== Segment start ==

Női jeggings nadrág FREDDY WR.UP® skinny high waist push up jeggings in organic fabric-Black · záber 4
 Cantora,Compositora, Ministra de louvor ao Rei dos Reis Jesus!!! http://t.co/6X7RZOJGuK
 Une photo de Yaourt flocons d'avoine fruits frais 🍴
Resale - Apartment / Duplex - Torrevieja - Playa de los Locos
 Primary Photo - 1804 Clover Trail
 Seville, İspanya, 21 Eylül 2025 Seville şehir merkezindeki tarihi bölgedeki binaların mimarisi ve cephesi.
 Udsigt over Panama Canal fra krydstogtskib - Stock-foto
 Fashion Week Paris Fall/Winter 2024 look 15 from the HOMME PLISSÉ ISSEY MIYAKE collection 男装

== Segment end ==

- **Exercise directions**: Starting with the line that holds "Resale - Apartment", copy each remaining line of the listing above exactly, through the last one.

- **Task result**:
Resale - Apartment / Duplex - Torrevieja - Playa de los Locos
 Primary Photo - 1804 Clover Trail
 Seville, İspanya, 21 Eylül 2025 Seville şehir merkezindeki tarihi bölgedeki binaların mimarisi ve cephesi.
 Udsigt over Panama Canal fra krydstogtskib - Stock-foto
 Fashion Week Paris Fall/Winter 2024 look 15 from the HOMME PLISSÉ ISSEY MIYAKE collection 男装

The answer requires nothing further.